The United States recently paused immigration applications for certain migrants. Who were the applications paused for, and what does this mean?
The U.S. paused applications for immigration benefits such as Temporary Protected Status and asylum for people admitted during the Biden administration’s parole programs, including Uniting for Ukraine and the CHNV program for migrants from Cuba, Haiti, Nicaragua and Venezuela.
Cubans admitted under these programs have the option to apply for a green card under the Cuban Adjustment Act. This pause stops people legally admitted to the United States under these programs from accessing existing legal pathways to remain in the United States for longer than their parole term would allow.
While these immigrants still qualify for these legal pathways, the processing pause will create longer delays than already exist for those immigrating to the United States.
The pause on applications applies to programs that allow migrants to come to the United States legally through an immigration policy known as parole. What is parole?
Parole is a power Congress granted to the executive branch to allow people to enter the United States temporarily, often for humanitarian reasons. Parole under Uniting for Ukraine was precisely this — temporary humanitarian entry to the United States for Ukrainians, whose country is an active war zone due to the egregious invasion by Russia. Parole for CHNV applicants provided a vetted legal option for migrants who wanted to request protection in the United States while still in their home country rather than paying a smuggler to bring them to the U.S.-Mexico border to request asylum.
While new migrants can’t come to the United States through parole programs, what does this pause mean for migrants currently in the U.S. under this law?
This pause means that these individuals, who are seeking to use lawful immigration pathways that exist in current U.S. law, are not currently able to access those pathways. Parole is temporary. If that parole expires without an extension, which must be granted by the executive branch, those individuals must leave or face removal. The pause means that the parole may expire before the applications for these other lawful pathways are approved.
How will this pause in applications and parole programs affect the U.S. immigration system?
The U.S. legal immigration system, in a typical year, admits 1 million immigrants. This is fewer than the number we need to maintain our labor force and population growth. Some lawful pathways are horrendously backlogged. Some green card categories make applicants wait decades before their green card is granted because of per-country caps that limit the number of green cards awarded annually. Pausing lawful programs like these exacerbates backlogs.

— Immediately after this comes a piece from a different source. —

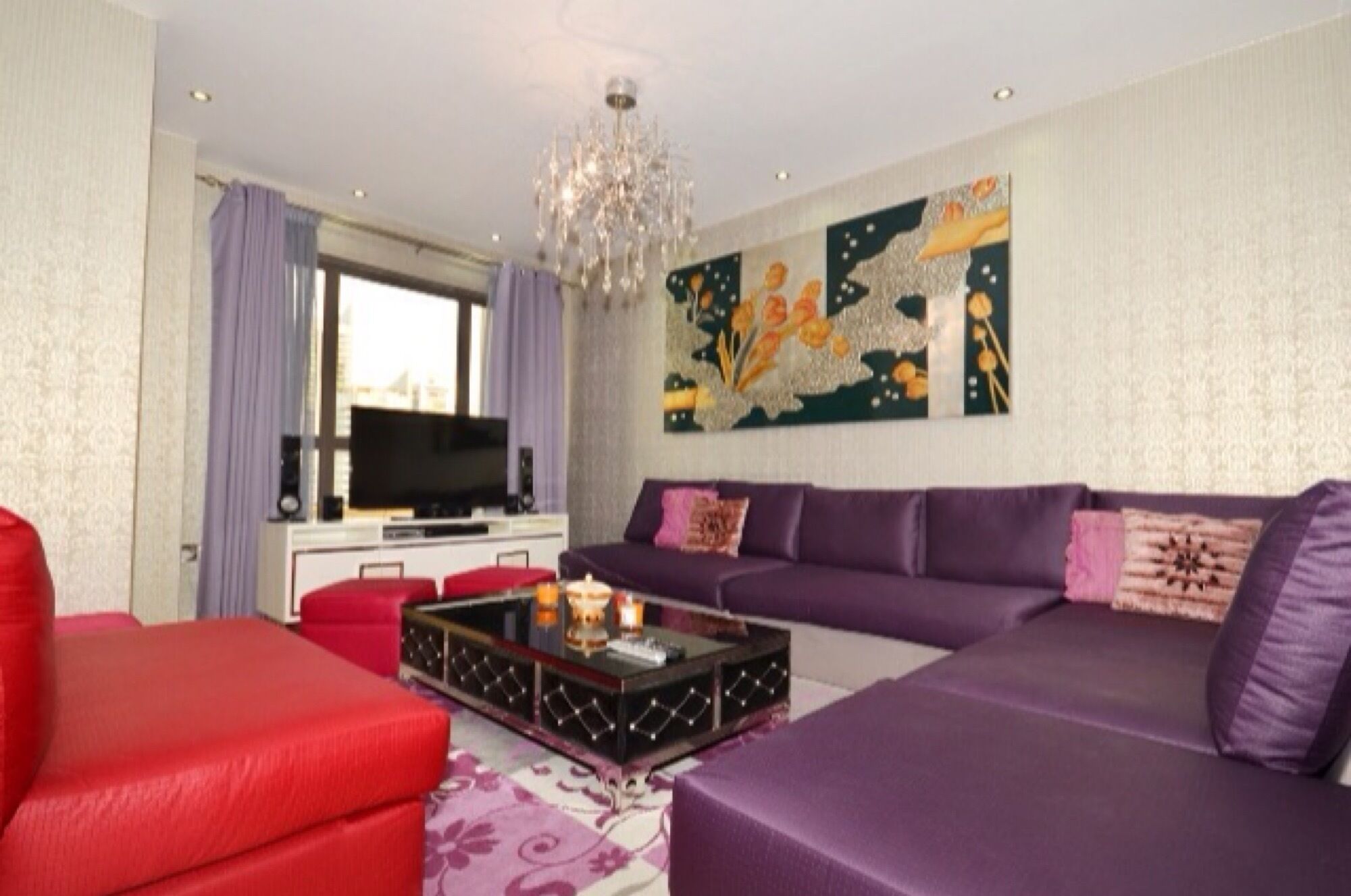 Una sala de estar moderna con un sofá grande, un sillón rojo y una mesa de centro. Hay un televisor sobre un mueble bajo, una araña y una ventana con cortinas.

While these parole programs were politically controversial, they admitted migrants via legal pathways, boosting our labor force at a time when the United States has millions of open jobs and not enough native-born people to fill them. Parole programs, asylum and Temporary Protected Status are not perfect immigration vehicles — better policy would be to expand green cards to include more people with skills to fill open jobs.
Only Congress can make that change to the law. Until Congress acts, these other legal migration channels do benefit the U.S. economy by providing willing workers.